Assignment: Return the data exactly, with all pictures removed.

(Information supplied begins)

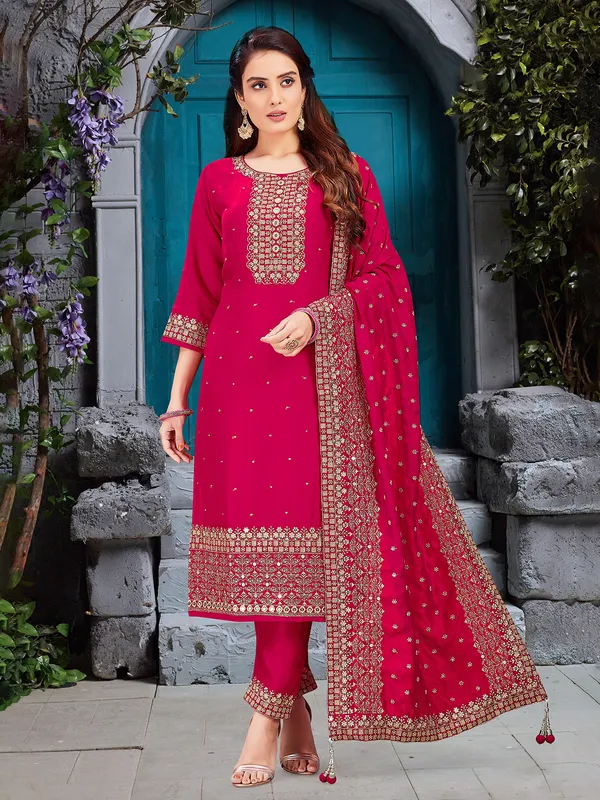 Rani pink silk salwar suit with resham work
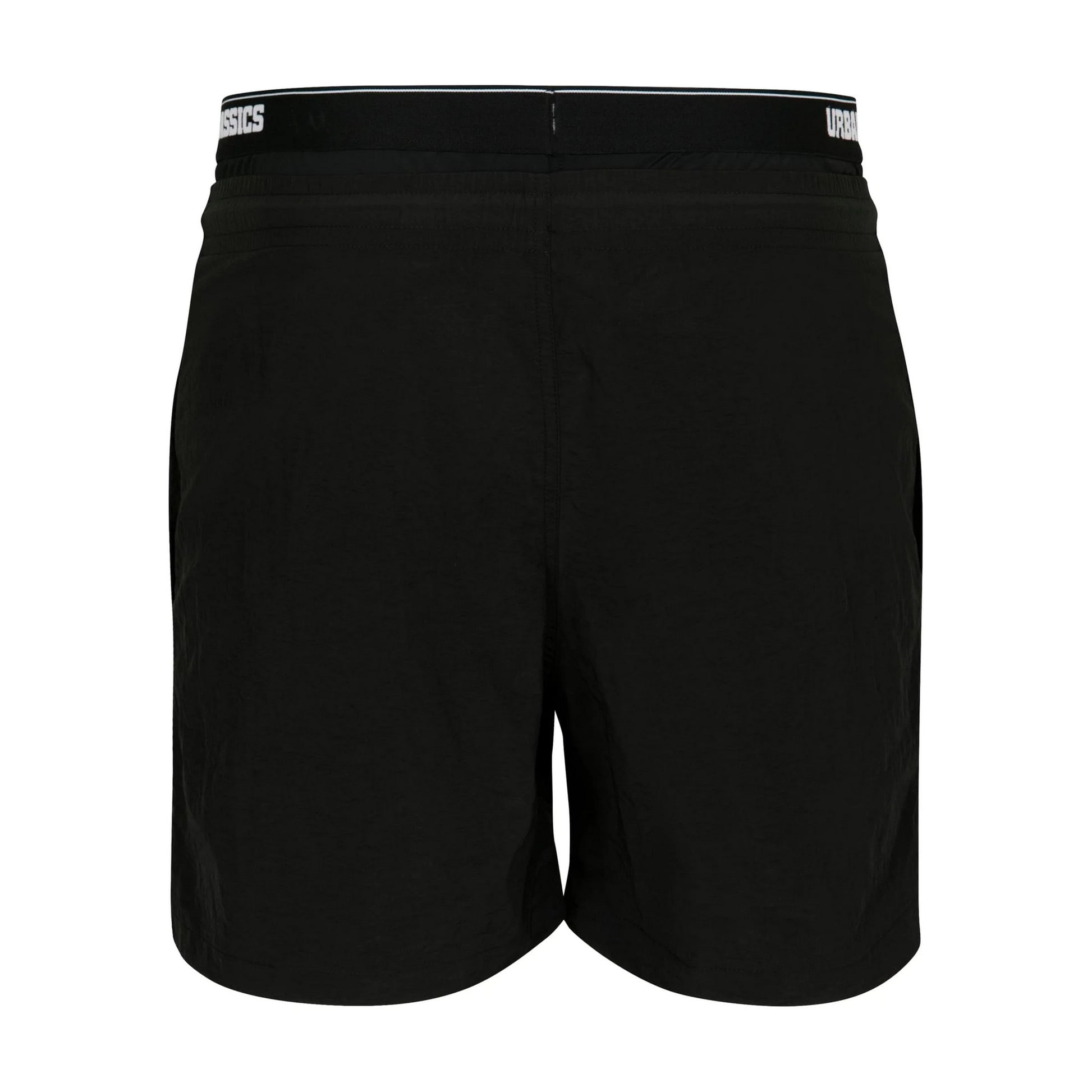 Black-White - Back - Urban Classics Mens 2 in 1 Swim Shorts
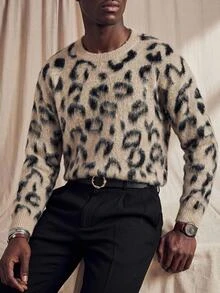 Vientiro Men's Loose Casual Leopard Print Crew Neck Long Sleeve Knit Sweater, For Spring - Apricot - View 7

(Information supplied ends)

Solution for this exercise:
 Rani pink silk salwar suit with resham work
 Black-White - Back - Urban Classics Mens 2 in 1 Swim Shorts
 Vientiro Men's Loose Casual Leopard Print Crew Neck Long Sleeve Knit Sweater, For Spring - Apricot - View 7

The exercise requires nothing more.